▶ Work task
An exact transcription of the listing, without its images, is what the answer must contain.

━━━ Material provided

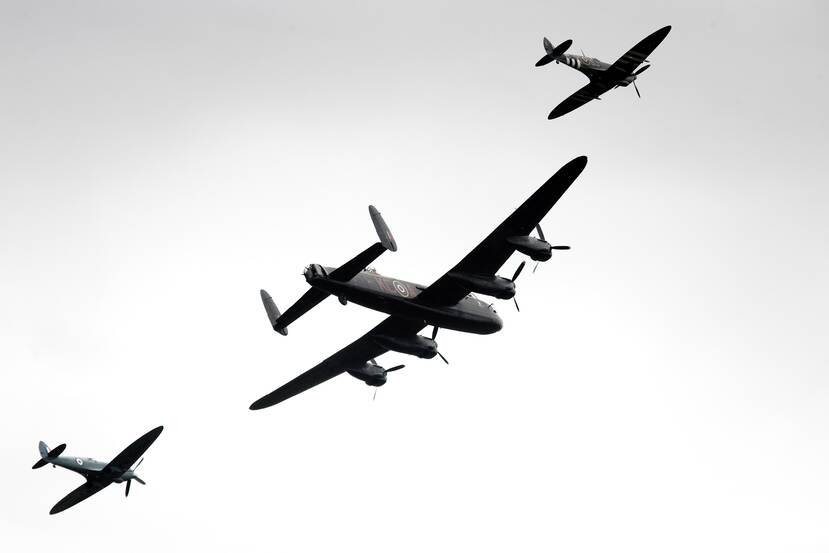 Zwart-wit foto van 3 vliegende Britse bommenwerpers uit de Tweede Wereldoorlog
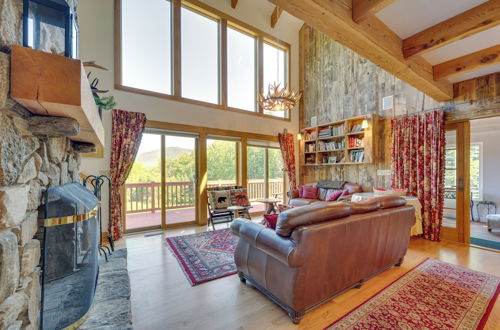 Photo 34 - Architect-designed Retreat on 2 Acres w/ Mtn Views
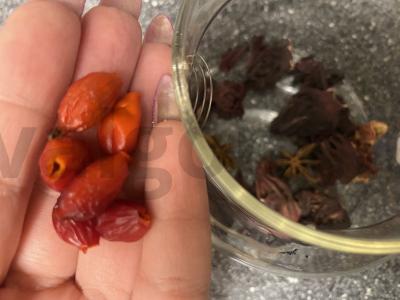 Hibiskas su erškėtuogėmis Žingsnis 3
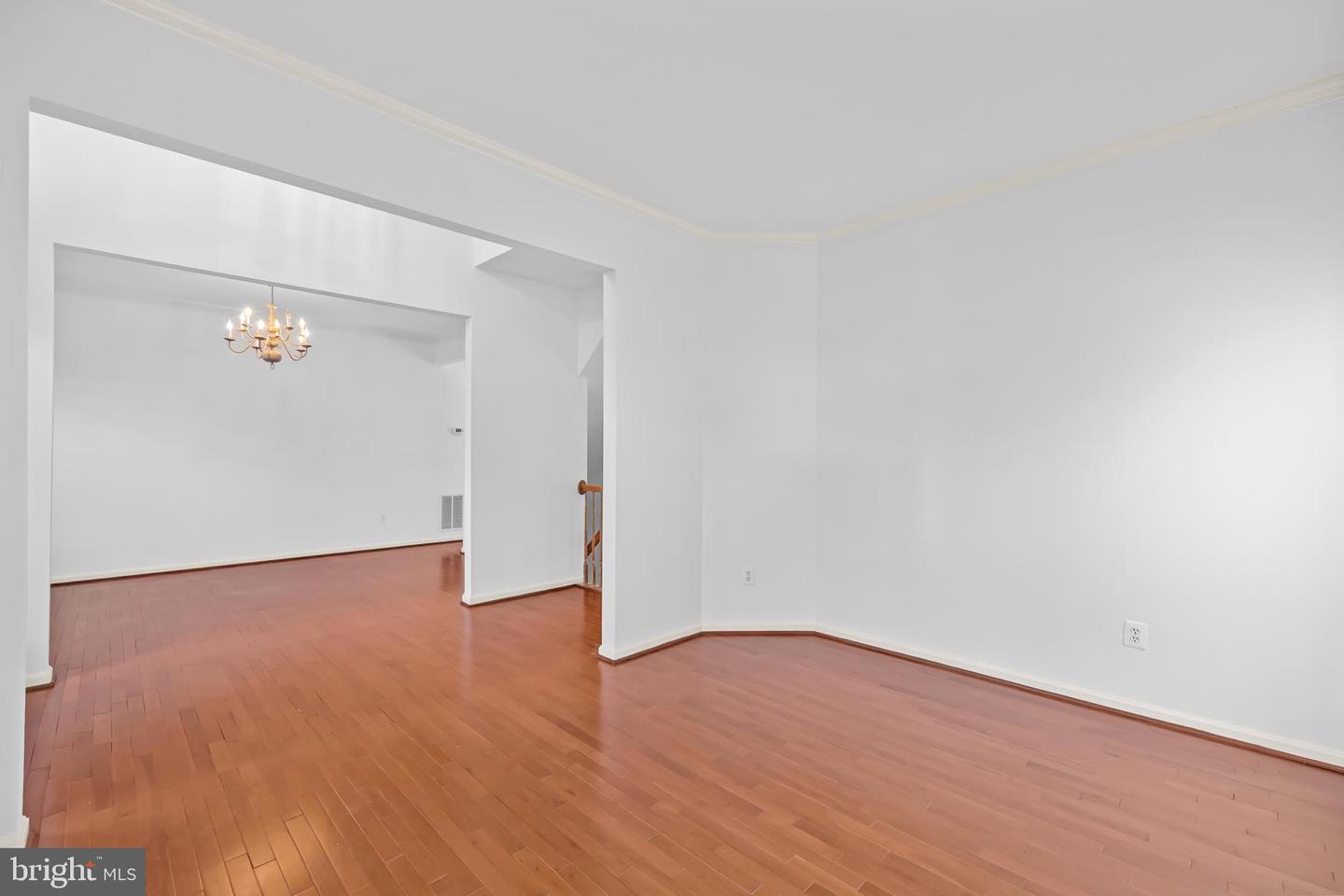 8537 TRADE WIND CT, BRISTOW, Virginia 20136, 6 Bedrooms Bedrooms, ,4 BathroomsBathrooms,Residential,For sale,8537 TRADE WIND CT,VAPW2106164 MLS # VAPW2106164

━━━━━━

▶ Solution to this exercise
 Zwart-wit foto van 3 vliegende Britse bommenwerpers uit de Tweede Wereldoorlog
 Photo 34 - Architect-designed Retreat on 2 Acres w/ Mtn Views
 Hibiskas su erškėtuogėmis Žingsnis 3
 8537 TRADE WIND CT, BRISTOW, Virginia 20136, 6 Bedrooms Bedrooms, ,4 BathroomsBathrooms,Residential,For sale,8537 TRADE WIND CT,VAPW2106164 MLS # VAPW2106164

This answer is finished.